Seu rosto era bonito. Uma beleza máscula. Suas faces e sua boca mesmo recortadas por cicatrizes impostas por um grave acidente de trabalho e pela inclemência do tempo, guardavam traços de muita harmonia realçada pelos olhos negros, vivos, mansos e brilhantes.
Sua voz grave conseguia ser a um só tempo forte e dócil, com a propriedade rara de transmitir segurança e convicção.
Foi, ao mesmo tempo espirituoso, alegre e austero. Nunca esboçou um esgar sequer que denotasse sentimentos menores como os de rancor ou de ódio. Jamais ouvi de sua boca quaisquer comentários desairosos ou maldosos sobre quem quer que seja.
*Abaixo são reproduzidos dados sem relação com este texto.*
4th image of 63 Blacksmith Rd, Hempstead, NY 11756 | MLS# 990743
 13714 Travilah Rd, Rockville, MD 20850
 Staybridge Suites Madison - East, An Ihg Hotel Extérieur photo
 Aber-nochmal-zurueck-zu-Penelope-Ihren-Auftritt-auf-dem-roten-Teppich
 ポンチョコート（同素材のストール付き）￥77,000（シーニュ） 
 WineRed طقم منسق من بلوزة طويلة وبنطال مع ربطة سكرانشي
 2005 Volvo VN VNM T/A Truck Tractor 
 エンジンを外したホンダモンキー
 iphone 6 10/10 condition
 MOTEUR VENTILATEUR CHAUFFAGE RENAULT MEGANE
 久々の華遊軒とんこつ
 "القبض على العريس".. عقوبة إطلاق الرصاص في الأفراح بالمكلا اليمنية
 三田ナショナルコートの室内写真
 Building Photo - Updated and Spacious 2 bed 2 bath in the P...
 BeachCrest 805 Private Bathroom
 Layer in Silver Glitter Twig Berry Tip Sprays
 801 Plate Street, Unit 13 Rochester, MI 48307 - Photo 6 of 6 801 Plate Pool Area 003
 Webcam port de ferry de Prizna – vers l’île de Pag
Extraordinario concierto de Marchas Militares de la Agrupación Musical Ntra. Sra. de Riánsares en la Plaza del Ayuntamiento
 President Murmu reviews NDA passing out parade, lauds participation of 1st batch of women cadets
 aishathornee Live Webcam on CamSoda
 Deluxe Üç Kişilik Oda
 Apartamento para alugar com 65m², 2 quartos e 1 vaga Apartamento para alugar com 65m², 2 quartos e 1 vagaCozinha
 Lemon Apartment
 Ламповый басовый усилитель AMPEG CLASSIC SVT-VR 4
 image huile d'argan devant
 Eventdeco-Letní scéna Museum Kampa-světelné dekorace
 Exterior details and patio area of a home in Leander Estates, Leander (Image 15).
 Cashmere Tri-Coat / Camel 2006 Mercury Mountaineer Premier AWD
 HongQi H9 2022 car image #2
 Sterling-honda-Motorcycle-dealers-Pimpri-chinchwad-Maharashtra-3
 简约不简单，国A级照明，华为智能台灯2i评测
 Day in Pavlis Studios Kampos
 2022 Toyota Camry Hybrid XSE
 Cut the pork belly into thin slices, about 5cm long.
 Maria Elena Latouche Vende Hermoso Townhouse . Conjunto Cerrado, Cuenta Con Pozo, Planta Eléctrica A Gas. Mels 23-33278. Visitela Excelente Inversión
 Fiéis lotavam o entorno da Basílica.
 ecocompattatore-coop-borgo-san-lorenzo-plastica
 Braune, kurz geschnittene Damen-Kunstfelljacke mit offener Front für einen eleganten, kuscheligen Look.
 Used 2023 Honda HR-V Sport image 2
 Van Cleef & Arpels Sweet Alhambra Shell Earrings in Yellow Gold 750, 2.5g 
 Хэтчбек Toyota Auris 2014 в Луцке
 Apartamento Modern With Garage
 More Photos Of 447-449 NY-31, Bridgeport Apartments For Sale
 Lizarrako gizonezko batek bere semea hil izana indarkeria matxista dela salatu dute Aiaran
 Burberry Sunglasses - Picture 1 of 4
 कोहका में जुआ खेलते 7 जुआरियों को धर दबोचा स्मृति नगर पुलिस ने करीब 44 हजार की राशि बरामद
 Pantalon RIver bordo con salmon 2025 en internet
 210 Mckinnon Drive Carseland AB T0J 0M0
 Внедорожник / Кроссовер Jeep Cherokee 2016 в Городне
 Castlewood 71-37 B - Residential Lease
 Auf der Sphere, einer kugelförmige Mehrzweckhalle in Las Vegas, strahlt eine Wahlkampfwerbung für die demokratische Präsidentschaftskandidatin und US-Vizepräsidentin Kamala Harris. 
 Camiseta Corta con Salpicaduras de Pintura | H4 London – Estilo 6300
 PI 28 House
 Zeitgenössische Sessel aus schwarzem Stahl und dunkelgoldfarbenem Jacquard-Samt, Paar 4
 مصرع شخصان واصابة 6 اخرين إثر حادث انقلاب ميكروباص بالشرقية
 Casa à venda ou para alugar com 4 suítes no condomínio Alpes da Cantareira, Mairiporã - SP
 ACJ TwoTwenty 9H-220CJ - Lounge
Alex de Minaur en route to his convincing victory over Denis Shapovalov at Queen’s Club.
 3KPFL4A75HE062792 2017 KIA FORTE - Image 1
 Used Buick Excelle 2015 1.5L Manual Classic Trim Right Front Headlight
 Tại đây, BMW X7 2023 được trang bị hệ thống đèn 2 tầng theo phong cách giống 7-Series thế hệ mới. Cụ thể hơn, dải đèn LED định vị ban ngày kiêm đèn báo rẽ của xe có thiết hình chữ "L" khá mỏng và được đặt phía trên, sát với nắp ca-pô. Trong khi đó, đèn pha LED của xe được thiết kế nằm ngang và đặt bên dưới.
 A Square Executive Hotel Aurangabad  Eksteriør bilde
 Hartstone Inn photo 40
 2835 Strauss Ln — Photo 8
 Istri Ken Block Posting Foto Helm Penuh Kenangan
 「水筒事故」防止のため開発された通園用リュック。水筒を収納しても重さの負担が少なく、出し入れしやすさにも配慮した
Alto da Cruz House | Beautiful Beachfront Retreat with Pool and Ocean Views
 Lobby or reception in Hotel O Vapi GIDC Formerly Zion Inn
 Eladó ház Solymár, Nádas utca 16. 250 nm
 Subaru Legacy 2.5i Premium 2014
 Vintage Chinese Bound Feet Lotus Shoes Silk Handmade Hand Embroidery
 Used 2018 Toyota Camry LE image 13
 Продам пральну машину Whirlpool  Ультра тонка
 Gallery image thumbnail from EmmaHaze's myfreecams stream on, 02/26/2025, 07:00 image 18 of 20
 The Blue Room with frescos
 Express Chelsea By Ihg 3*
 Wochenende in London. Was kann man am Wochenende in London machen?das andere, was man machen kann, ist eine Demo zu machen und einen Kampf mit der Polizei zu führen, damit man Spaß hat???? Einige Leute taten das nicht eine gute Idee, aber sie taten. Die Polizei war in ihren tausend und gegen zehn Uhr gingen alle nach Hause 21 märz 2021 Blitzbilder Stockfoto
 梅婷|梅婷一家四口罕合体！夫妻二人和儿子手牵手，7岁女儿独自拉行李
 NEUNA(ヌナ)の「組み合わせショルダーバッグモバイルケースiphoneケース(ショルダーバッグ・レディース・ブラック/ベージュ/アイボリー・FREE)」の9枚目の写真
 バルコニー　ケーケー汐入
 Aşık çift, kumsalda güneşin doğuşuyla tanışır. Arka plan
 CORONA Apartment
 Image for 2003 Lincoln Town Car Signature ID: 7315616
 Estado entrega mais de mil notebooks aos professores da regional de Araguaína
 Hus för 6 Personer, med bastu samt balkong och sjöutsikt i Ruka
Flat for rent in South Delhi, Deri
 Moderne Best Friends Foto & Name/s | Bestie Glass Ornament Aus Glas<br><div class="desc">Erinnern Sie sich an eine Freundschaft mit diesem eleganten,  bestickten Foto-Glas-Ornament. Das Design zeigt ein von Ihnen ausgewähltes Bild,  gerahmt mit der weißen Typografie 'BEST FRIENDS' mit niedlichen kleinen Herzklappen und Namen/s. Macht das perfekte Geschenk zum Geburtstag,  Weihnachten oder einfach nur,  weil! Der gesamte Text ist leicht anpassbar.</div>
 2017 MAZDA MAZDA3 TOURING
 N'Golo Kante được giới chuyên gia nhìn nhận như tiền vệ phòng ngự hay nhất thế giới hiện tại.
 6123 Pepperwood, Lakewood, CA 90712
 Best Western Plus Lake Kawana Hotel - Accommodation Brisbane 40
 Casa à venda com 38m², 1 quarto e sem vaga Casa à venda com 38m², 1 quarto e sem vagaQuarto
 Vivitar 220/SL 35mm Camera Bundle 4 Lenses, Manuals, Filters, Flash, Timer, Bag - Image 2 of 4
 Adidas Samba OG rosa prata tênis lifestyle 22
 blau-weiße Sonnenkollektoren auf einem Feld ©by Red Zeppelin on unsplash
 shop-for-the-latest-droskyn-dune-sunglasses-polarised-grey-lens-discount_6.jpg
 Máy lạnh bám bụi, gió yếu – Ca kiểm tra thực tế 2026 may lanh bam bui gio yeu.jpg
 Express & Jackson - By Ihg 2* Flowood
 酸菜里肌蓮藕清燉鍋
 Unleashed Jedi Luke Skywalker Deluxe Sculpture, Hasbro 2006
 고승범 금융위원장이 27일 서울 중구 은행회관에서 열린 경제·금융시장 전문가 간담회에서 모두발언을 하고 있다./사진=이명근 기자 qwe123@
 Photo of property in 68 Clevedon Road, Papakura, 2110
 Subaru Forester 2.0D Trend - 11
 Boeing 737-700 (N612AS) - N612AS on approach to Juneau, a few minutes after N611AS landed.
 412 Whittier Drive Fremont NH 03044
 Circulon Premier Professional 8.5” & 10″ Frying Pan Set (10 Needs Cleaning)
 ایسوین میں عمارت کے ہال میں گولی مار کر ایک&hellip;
Não era de sorriso muito fácil. Porém, quando sorria era a mais explícita expressão da franqueza e da sinceridade.
No trato com as crianças, dentre as quais eu me incluo (já fui criança um dia), era singularmente criativo. Arquitetava mimos surpreendentes. Enchia, com dinheiro miúdo, os bolsos do menino que queria ser rico, provocava uma chuva de balas e pirulitos nas rodas de garotos da vizinhança, alugava um taxi apenas para passear com aquele que gostava de carro. Tinha, portanto, sempre o agrado certo para a criança certa. Era perceptível sua preferência para os mais fracos, os menorzinhos e os adoentados.
Sua generosidade era uma virtude a parte. Impressionavam-me sua disposição e disponibilidade para ajudar seus amigos, bem como a ternura com que os tratava, notadamente os mais humildes e necessitados.